I’ve had the uncommon pleasure in my career of reporting into five different VPs of Engineering that were women and, as a result, learned to appreciate an experience that was different from most working in high-tech. As such, I was a bit surprised and dismayed when Sheryl Sandberg published Lean In – Women, Work, and the Will to Lead and thought I should write a book or blog post entitled Lean Out – Men Learning a More Collaborative Approach. It seemed that Sandberg was advocating women in particular to behave more like the stereotypical Type-A, white American male, rather than calling out the value of diversity as described in Diversity: The New Global Mindset
However, after reading Liz Wiseman’s Multipliers – How the Best Leaders Make Everyone Smarter, I arrived at a refined perspective on how and when to lean. I then concluded that we should indeed lean in when we are the junior person at the table. This is when it’s good to inject new ideas and be heard. It came to me that I had been coached to do just that at Informix by a retired exec from IBM. On the other hand, in 28 years of management I’ve discovered there is a great empowering value if we Lean Out when we’re managing down – when we are the most senior person present. When, as a leader, we lean out, we allow our teams and more junior colleagues to be empowered by creating the space for them to lean in. When as the leader we lead in, we diminish and dis-empower our teams – denying our team members, more junior colleagues the opportunity to lean in and contribute. Wiseman speaks of the overly assertive, proactive, vocal leaders as Diminishers as we rob others of the opportunity when we lead in that manner. She argues that they continue to operate in a one brain, many hands organizational model that stunts the growth of both intelligence and talent around them. She also brings lots of example of leaders that multiply the value of their teams by creating opportunity and space for them to be more proactive and participatory – to lean in (though she doesn’t use that term for it).
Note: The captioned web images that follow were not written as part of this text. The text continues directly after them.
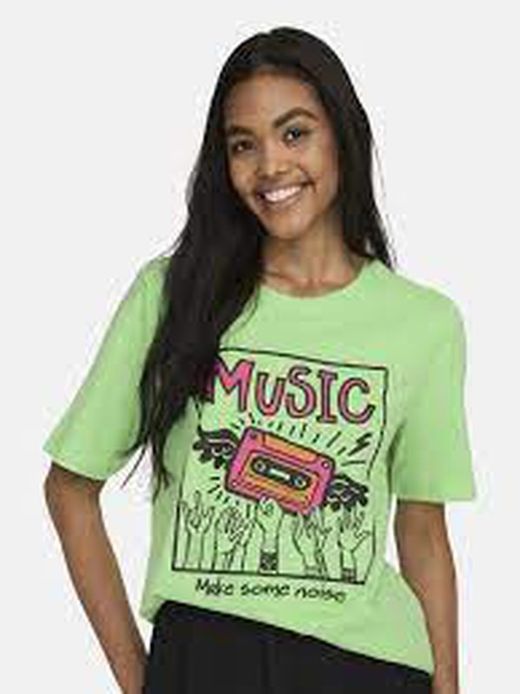 Camiseta m/c con dibujo cassette Only Green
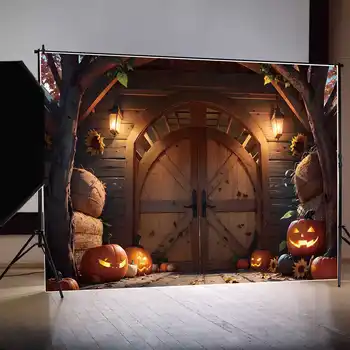 LUNA.QG Fotografija Ozadje Halloween Lesena Vrata Pumpkin Lantern Photo Booth Ozadje po Meri Otrok Stranka Fotografske Rekviziti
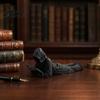 Reader Collectible Decor Black Robe Figurine 3D Printed Faceless Reading Man Modern Figurine Statue Lying Bookworm Sculpture for Home Office
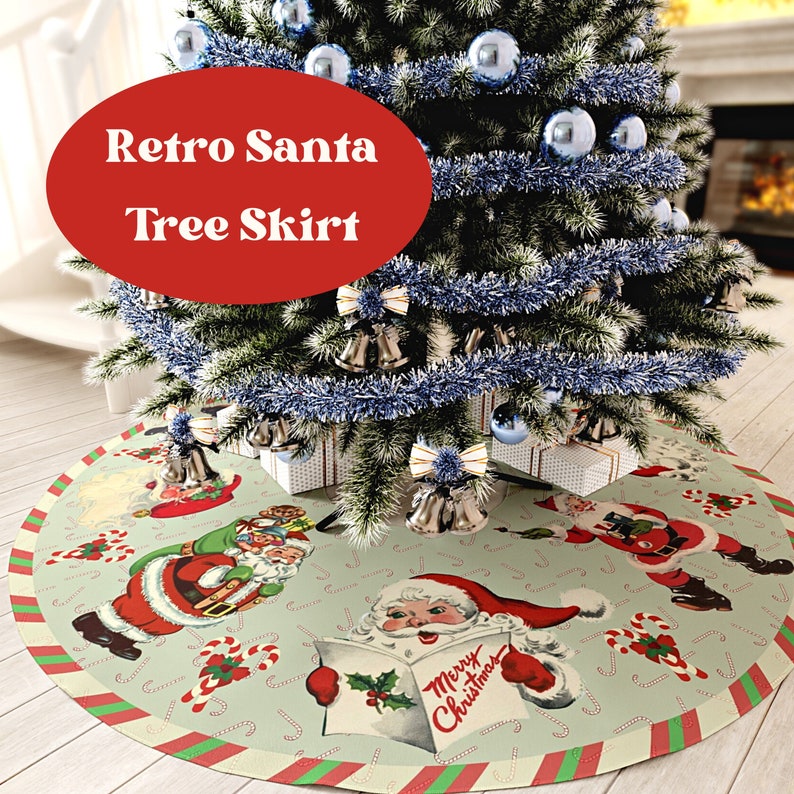 Retro Santa Tree Skirt, Christmas Festive Decor, Holiday Decorations, 57 Inches Wide Faux Suede Fabric, Easy Care Washable, Printed in USA image 1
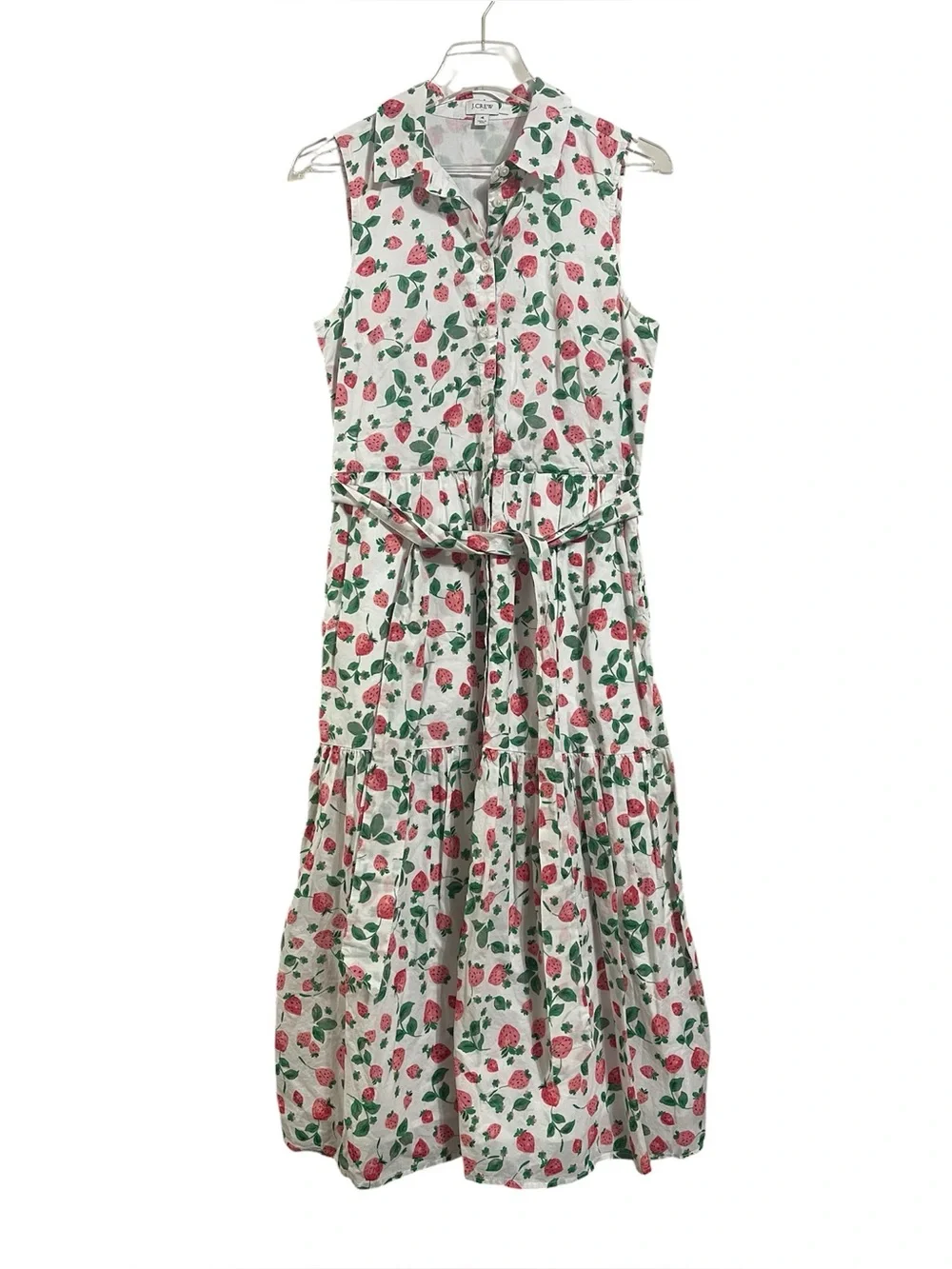 J. Crew White Strawberry Print Button-Up Sleeveless Shirt Dress - Picture 1 of 5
It can be particularly challenging to lean out in a business that wants to aggressively move forward. As a knowledgeable leader it is often more expedient to lead into any situation and provide the solution – all with good intent – rather that allow our teams to arrive there on their own. Even when it’s as simple as starting with asking: what would you do, asking: have you thought about this potential challenge – and helping them arrive at the “right” outcome, it is still more expedient to just telling them what the “right” answer is. However, I feel that is limited to that situation and by disempowering them, we are required to be there for every decision and it becomes less expedient over even a short period of time. It can hard to resist that temptation when we are eager to move forward quickly.
On another note regarding leaning in or out, in Katty Kay’s and Claire Shipman’s book The Confidence Code – The Science and Art of Self-Assurance – What Women Should Know they make reference to a Stanford Business School Study that revealed that women who combined the qualities typically found in men (assertion, aggression, confidence) along with qualities more typically found in women (collaboration, process-orientation, persuasion, humility) do better than others. Note, oddly, the study did not reveal this advantage when men adoption both sets of traits – though I still suspect they’re missing something there. Note, as I point out in Confidence Villains, I think Kay and Shipman miss the power that can be derived from confidence robbers.
Yet another consideration for leaning in or out is what to do when the situation seems to be going off the rails. There may be times where a leader feels compelled to jump in and grab the wheel and steer back towards safety. Can that happen too often? When do you, as a leader in that situation relinquish the wheel again and do you do so conveying some lesson from the near mishap?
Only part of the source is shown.